There were a few other aspects of the book that are important to also include in your process for identifying what you should be doing at any point in time.
Firstly the book introduces the concept of horizons of focus. These are described by altitudes:
- 50,000 – why does company exist ? Ultimate job description, all goals, visions, objectives, projects, actions derive from this
- 40,000 – 3-5 year vision; strategies, trends, career and life transition, financial goals, tech, globalisation, market trends
- 30,000 – 1-2 year goals; life and work in 2 years
- 20,000 – areas of responsibility
- 10,000 – current projects
- Runway – current actions
They go all the way from the runway which is what you are actually doing now and 10,000 feet which are you current projects all the way up to 50,000 feet which are the ultimate purpose for you or your organisation.
Whilst your weekly review covers up to 10,000 feet you should make sure you take time to step back and take time to consider the levels from 20,000 to 50,000 feet. This is the monthly review. Also there may be times when you wish to refer back to them, to support an important project, career or life decision that you are considering.
For me the definitions of the various levels link quite directly with documents or concepts from my own organisation. My performance contract for the year, my own development plan, my 3 year plan for my department and even my company’s own values.
The last major concept that GTD introduces is Natural Planning
Natural Planning gives a way of working through the order of through processes, whether it’s to set the agenda for a meeting or even to plan a project. Whilst they might be called something else in any given situation, they can be defined as follows:
1 – Define purpose / principles
2 – Outcome visioning
– View beyond completion date
– wild success – what would that look like ?
– capture features
3 – Brainstorm
– Capture ideas – mind maps and fishbones
– Don’t judge or challenge, evaluate or critisise
– Quantity not quality
– Put analysis and organisation into the background
4 – Organising
– Identify significant pieces
– Sort by:
– Detail to required degree
– Fill in gaps
5 – Identify next action(s) who and by when
Again the concept of arriving at next actions that can actually be done is obvious. Like any good plan it is not compete without details of who will do what and by when.
This has served me well on numerous occasions both for planning agendas for important meetings and setting up projects. The concept of challenging people to think about what would wild success look like is very powerful. People will suggest things that they think I achievable and would not normally mention due to subconscious filtering process but once they are out on the table you can ask why not ? What do we need to do to get that ? Suddenly the group starts to challenge preconceptions and the momentum gathers.
The final aspect that David Allen brings out in his book which is not rocket science but not well used either is the use of checklists.

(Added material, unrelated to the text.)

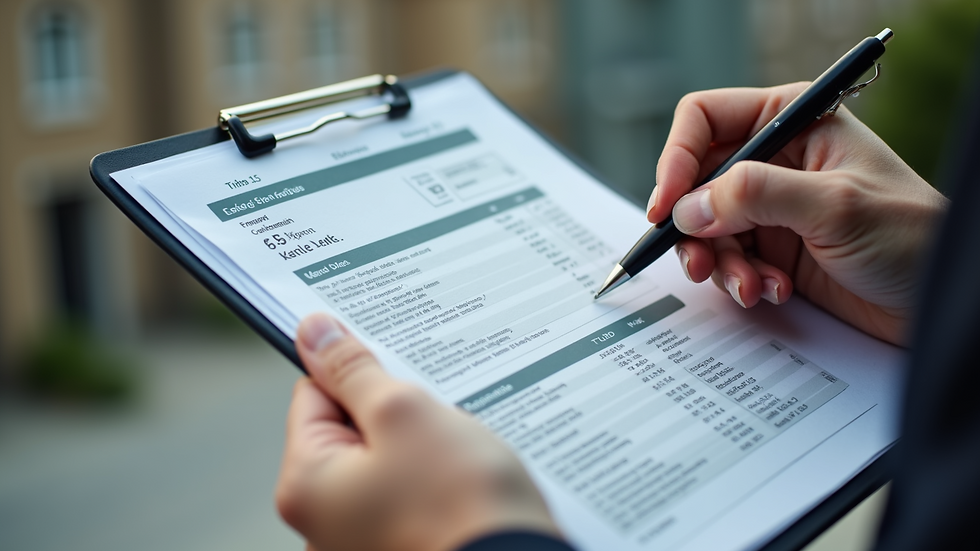 Eye-level view of a person reviewing a detailed cost estimate on a clipboard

Have as many as you want. Refer to them in your weekly and monthly reviews and/or as the situations dictate. I have one for each of my managers for instance (we are spread globally and seldom all in our offices anyway) so I capture things that I actually want to speak to them about rather than matters which are suitable for a quick e-mail, so that when I do get them on a call or even get to see them in person, I can refer to this rather than thinking “I am sure there was something I wanted to talk to you about”.
Hopefully thes two posts have given enough in sight into the basics of GTD to interest people in the ideas and make some think that this could be just what they have been looking for and perhaps they do some of this but not all of it and not as a regimented process perhaps.
My advice – simply buy the book and read it and then implement it. It’s probably been the single most important text that I have read relating to my career and how I work and truly has made a significant difference to how much I do get done but also my peace of mind in a world where there are always more demands than time in the day to satisfy them.